Prodromal markers of neurodegenerative disease: Insights from the UK Biobank dataset

Background Abnormal quantitative motor testing and subtle cognitive deficits are associated with increased neurodegenerative disease risk although assessment methods and outcomes vary. Understanding how and when these deficits develop will improve early detection and clarify prodromal disease course. We set out to determine markers predictive of two common neurodegenerative diseases, Alzheimer’s Disease (AD) and Parkinson’s Disease (PD), in a prospective cohort study. Method The UK Biobank dataset includes demographics, medical history, cognitive function tests and physical measures collected from 500,000 adults aged 40‐69 between 2006‐2010. Ongoing follow‐up includes repeat testing, death registry and hospital diagnostic coding. Cases were identified from hospital coding data and death registry and were matched with age and gender‐similar controls (2:1).
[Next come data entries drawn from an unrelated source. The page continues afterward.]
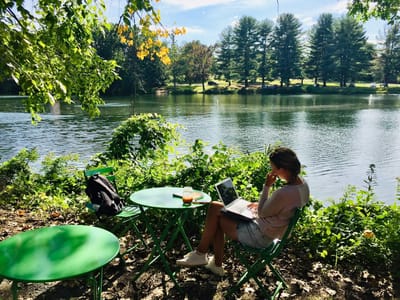 The Water's Fine goods + coffee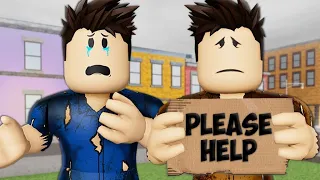 The Homeless Twins! A Roblox Movie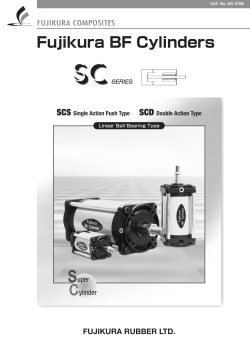 Fujikura BF Cylinders SC Series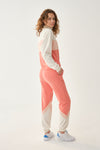 SALMON TRACKSUIT BOTTOM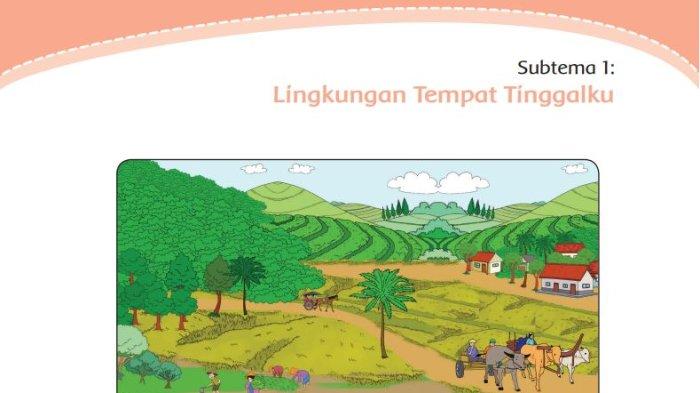 Detail Kunci Jawaban Buku Tematik Kelas 4 Tema 8 Nomer 51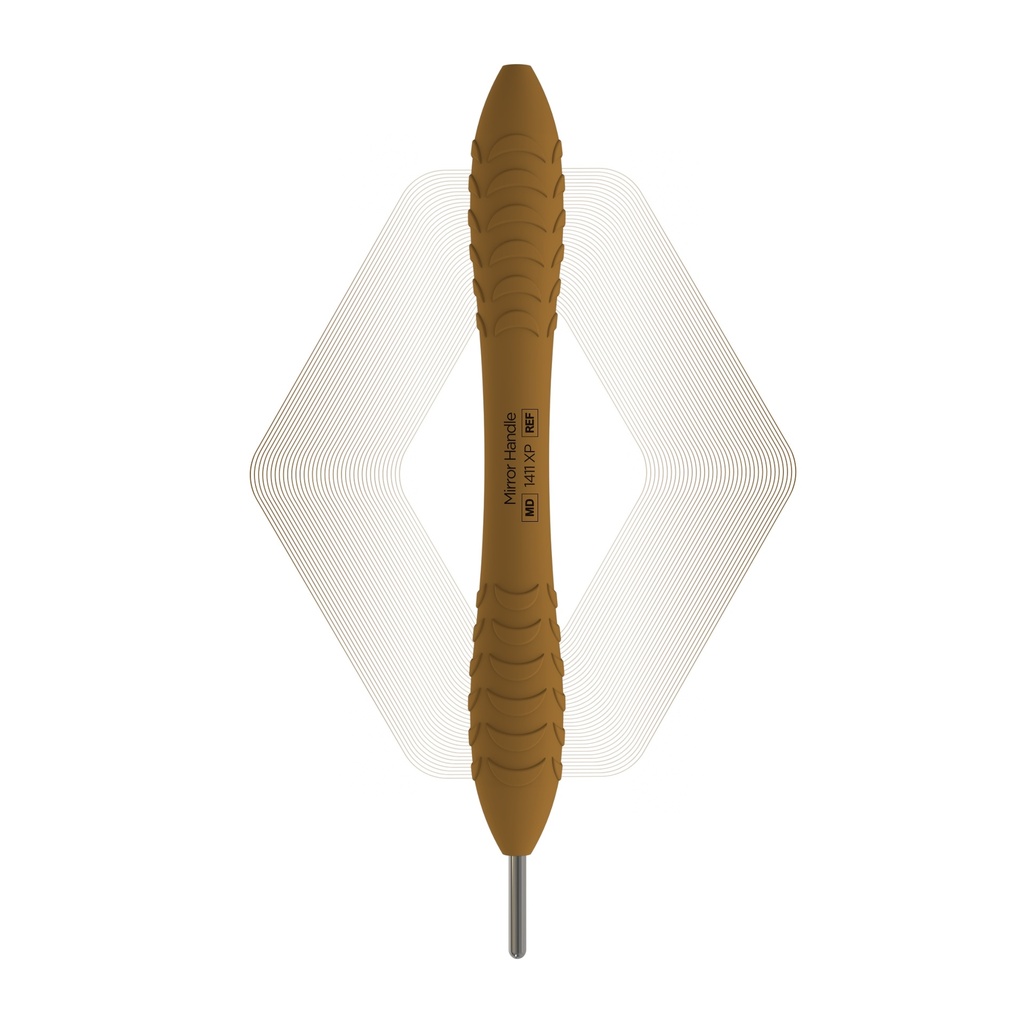 ErgoX Plus Mirror handle, Earth Brown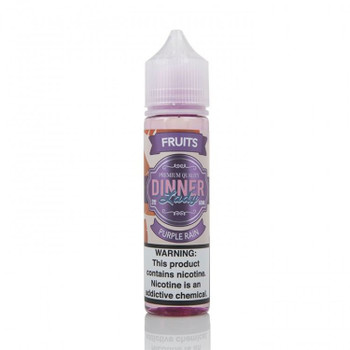 Dinner Lady - Purple Rain (60ML) Premium Likit
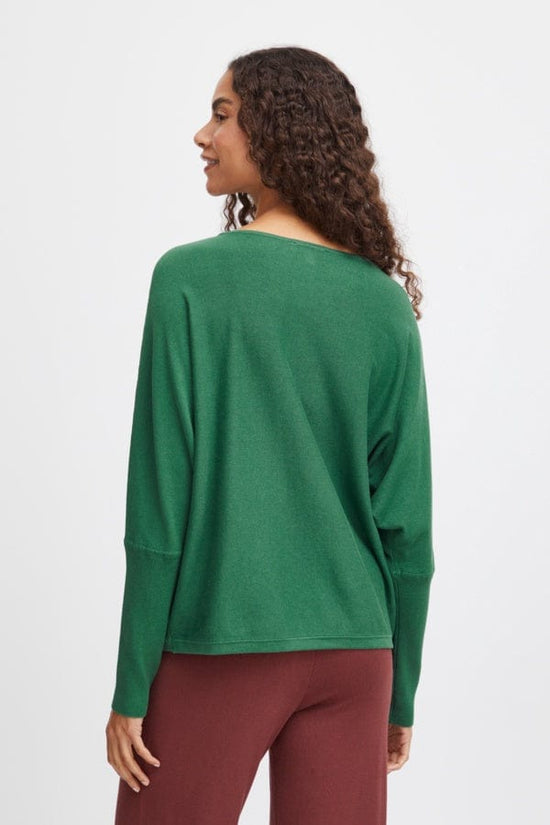 B.Young Fashion b.young Bymmorla Batwing Jumper Green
Those with a known diagnosis at baseline were excluded. Result 2248 AD cases (male=48%, mean age 65.3±4.2 years, mean time to diagnosis 8.4±2.5 years) and 2212 PD cases (male=62%, mean age 63.8±5.2 years, mean time to diagnosis 7.7±2.7 years) were identified. 537/2248 (male=51%) AD cases had died by June 2020 (mean assessment to death 9.8±2.0 years) and 357/2212 (male=70%) PD cases (mean assessment to death 9.4±2.2 years). The AD group had shown poorer performance on tasks of fluid intelligence (p<0.0001) and numeric memory (p<0.0001) at baseline than both controls and the PD group. Both AD and PD groups had had slower reaction times (p<0.0001) and weaker hand grip strength at baseline (p<0.0001) than controls. There were no significant effects of age or sex. Conclusion Poor performance on tasks of cognitive function are established features of AD at diagnosis, however it is unknown when during the prodromal disease course they begin. Our data demonstrate subtle changes in markers of these features many years prior to diagnosis in a large, prospective cohort.